In the United States, removing the breast cancer indication from Avastin will be a process. The medicine itself is not being removed from the market and the FDA recommendation will not have any immediate effect on using Avastin to treat breast cancer. Genentech, the company that makes Avastin, has asked for a full FDA hearing to again present available research results on Avastin and to review plans for future research that could help both the FDA and doctors better understand who would most benefit from Avastin to treat advanced-stage breast cancer. That hearing is scheduled for June 2011. Some of Genentech's proposed new research will try to find genetic or other factors that might help doctors figure out which women diagnosed with advanced-stage breast cancer could benefit most from Avastin.
The FDA's recommendation to remove the breast cancer indication will not affect Avastin's approvals to treat advanced-stage cancers of the lung, colon, and rectum.
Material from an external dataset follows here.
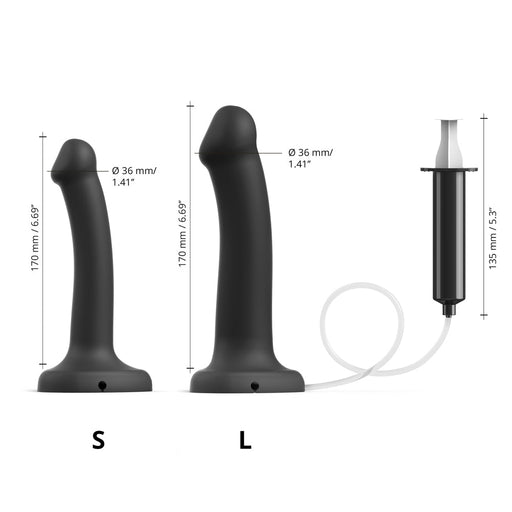 Strap - on - me Squirting Cum Semi - realistic Silicone Dildo Black S (fluid Not Included) - SexToy.com
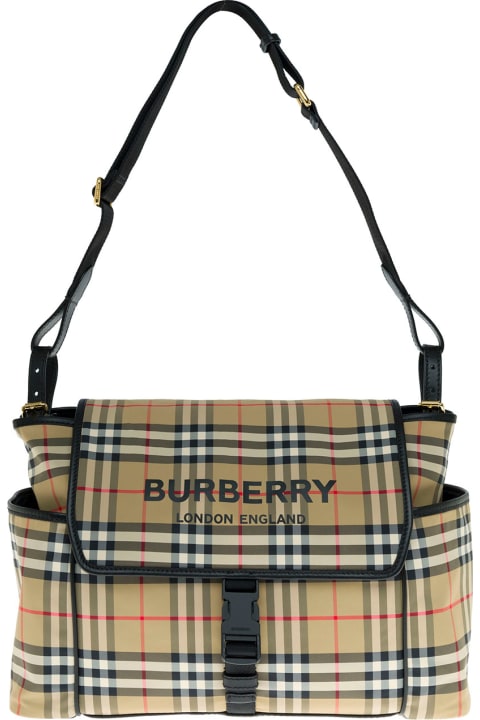 Burberry Vintage Check Nylon Crossbody Bag With Logo Print - White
If you've been diagnosed with metastatic breast cancer, you and your doctor will develop a treatment plan that will likely include chemotherapy and possibly hormonal therapy and/or targeted therapy medicines. No matter which treatments are recommended for you, you may want to talk to your doctor about:
- why each treatment is recommended (including any combinations)
- treatment timing and sequence
- expected benefits, risks, and side effects of each treatment
If you're already getting Avastin and responding to treatment, you may want to ask your doctor about the RIBBON-1 study results and about the FDA and NICE decisions. It's likely that your doctor will recommend that you stick with your treatment plan unless it stops being effective or you have severe side effects.